La destinée d'Elias Filet a tardé à se dessiner, lui qui n’a débuté le foot qu’en U13 et n’a rejoint le FCSM qu’en U19, à 18 ans, un âge où certains équipiers font déjà partie des meubles au centre de formation. (Photo Mélanie Maps)

Fils d’une photographe et d’un chanteur ayant collaboré avec quelques très grands noms, Elias Filet a quitté l’été dernier son cocon sochalien pour se faire un prénom au Grand-Duché sous les couleurs du Progrès. Avec 11 buts en 16 journées de DN, l’attaquant a déjà réussi son pari.

Quand on lui a demandé, pour fixer le lieu de notre rendez-vous, s’il avait un café de prédilection à Niederkorn, Elias Filet nous a répondu, amusé, qu’il n’avait «pas forcément l’habitude dans des cafés». Certains y verront la réponse d’un garçon soucieux de son image, d’autres la «désolante» preuve que la jeunesse a bien changé, mais de notre côté, on n’a pas pu s’empêcher d’y voir une marque de professionnalisme.

Professionnel, c’est ce que venait justement de devenir le natif de Paris quand il a débarqué en juillet dernier au stade Jos-Haupert en provenance de Sochaux, en prêt. Mais c’est une destinée qui a tardé à se dessiner pour l’attaquant, qui n’a débuté le foot qu’en U13 et n’a rejoint le FCSM qu’en U19 (lire encadré), à 18 ans, un âge où certains équipiers font déjà partie des meubles au centre de formation.

«Je suis content d’avoir fait ce parcours»

Cette trajectoire décalée a eu le mérite de lui éviter une adolescence en vase clos. «Je suis content d’avoir fait ce parcours, apprécie le garçon formé au FC Gobelins (désormais Paris 13 Atletico), dans le 13e arrondissement parisien qui l’a vu grandir. J’ai pu atteindre le même niveau que d’autres jeunes du centre qui étaient là depuis longtemps, mais moi, je suis allé au lycée, j’ai eu une vie un peu plus « normale », avec ma famille.»

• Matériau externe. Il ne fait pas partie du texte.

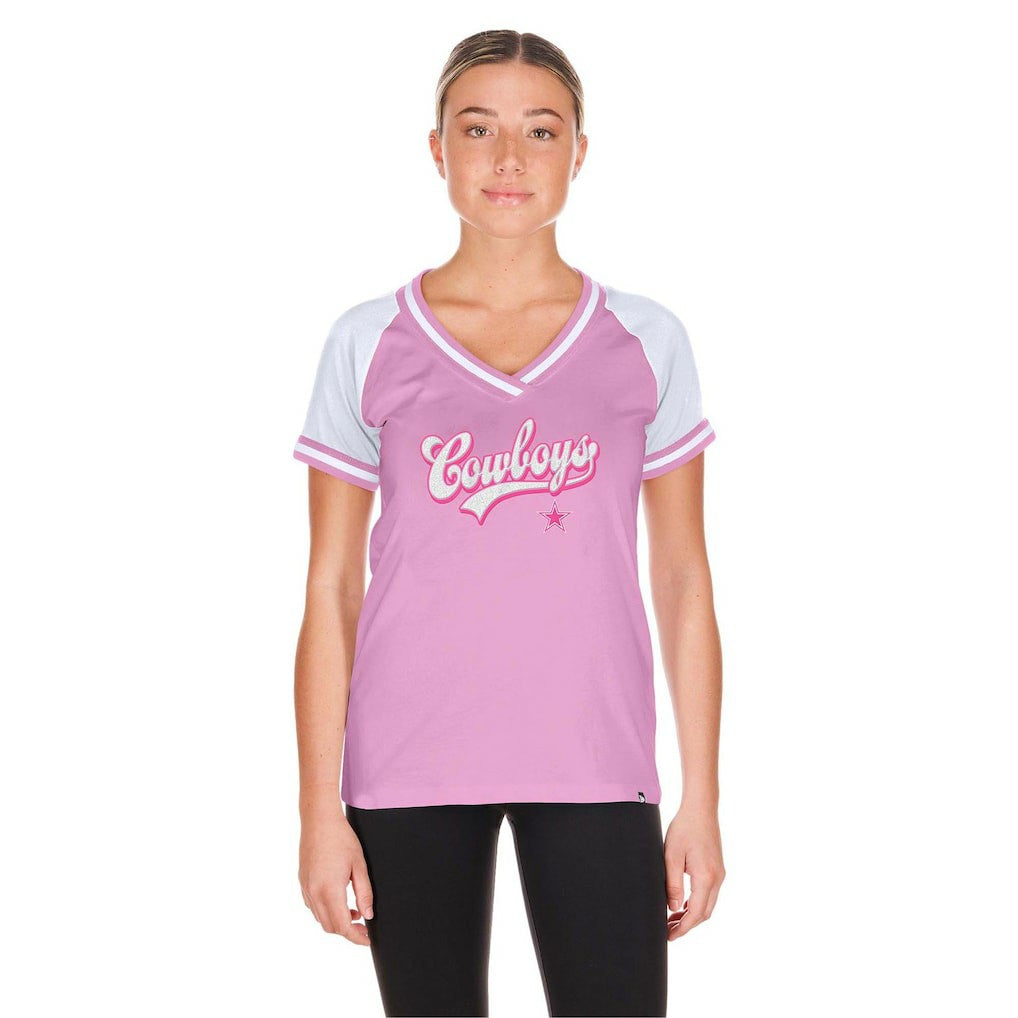Dallas Cowboys New Era Women's Mommy & Me V-Neck T-Shirt - Pink - NFL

Et quelle famille : la maman, Letitia, est photographe, une vocation pour laquelle elle a renoncé aux études supérieures et enchaîné les petits boulots, en vue de financer ses écoles de photo. Le papa, Stephane, est lui chanteur, musicien et auteur-compositeur, et il faudrait un bouquin pour détailler son parcours musical.

Dans les grandes lignes, le CV de Stefan Filey – son pseudonyme –, pionnier du gospel, du R’n’B et de la soul en France, comprend quelques premières parties de l’HIStory World Tour (1996-1997) de Mickael Jackson, des apparitions sur scène avec Céline Dion, Mariah Carey ou Johnny Hallyday, une demi-douzaine d’albums, des collaborations avec Pascal Obispo, Patricia Kaas ou Zaz, et plusieurs tournées avec Christophe Maé, comme pianiste et choriste, excusez du peu.

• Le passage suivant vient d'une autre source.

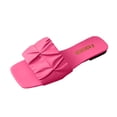 thumbnail image 3 of Women's Pleated Square Toe Slide Sandals, Trendy Wedding & Summer Flat Sandals, 3 of 6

Mes parents ont dédié leur vie à leur passion et arrivent à en vivre. Ça m’a aidé

Difficile, vu la concurrence, de truster le statut de «star de la famille», mais Elias l’assure dans un sourire : «J’essaie de me battre pour avoir la première place.» Être élevé par deux parents qui «ont dédié leur vie à leur passion et arrivent à en vivre» a en tout cas forcément influencé et encouragé le rejeton.

«Ça m’a aidé», confirme l’avant-centre du Progrès, dont la sœur cadette, véritable touche-à-tout, est, elle aussi, «très artiste» dans l’âme. Vous l’aurez compris, chez les Filet, pas de place pour les croyances limitantes, encore moins quand on n’a que 20 ans.

Fan de Manchester United, le n° 13 (une référence à son arrondissement d’origine) niederkornois se prend ainsi, durant notre échange, à s’inquiéter des possibles répercussions futures de l’évocation de son amour des «Red Devils» dans nos colonnes : «Tu vas le mettre dans l’article que je suis pour United ? Imagine, si un jour, je signe à City…» CQFD.

Tu vas l’écrire que je suis pour United ? Imagine, si un jour je signe à City…

Pour l’heure, les «Citizens» ont déjà un sacré buteur en la personne d’Erling Haaland, et le Norvégien tient lieu de modèle pour Filet dont l’un des passe-temps, au cœur d’un quotidien qu’il résume d’un «maison, séries et Play(station)», est de mater des vidéos d’avants-centres gauchers comme lui : Haaland, donc, mais aussi Robin Van Persie (ex-Arsenal et Manchester United) ou Dusan Vlahovic (Juventus).

Des sessions de visionnage où son regard ne se focalise que sur «les buts», unique obsession du Parisien, pas plus branché grigris que les trois larrons cités plus haut. Avec celui inscrit dimanche à Dudelange (1-4, 16e journée), face à qui il avait signé un doublé et ouvert son compteur (défaite 2-3, 2e j.), l’attaquant en est à 11 buts en 16 apparitions en BGL Ligue, lui qui en avait déjà facturé 14 avec la B de Sochaux en National 3 la saison passée, sa première chez les seniors.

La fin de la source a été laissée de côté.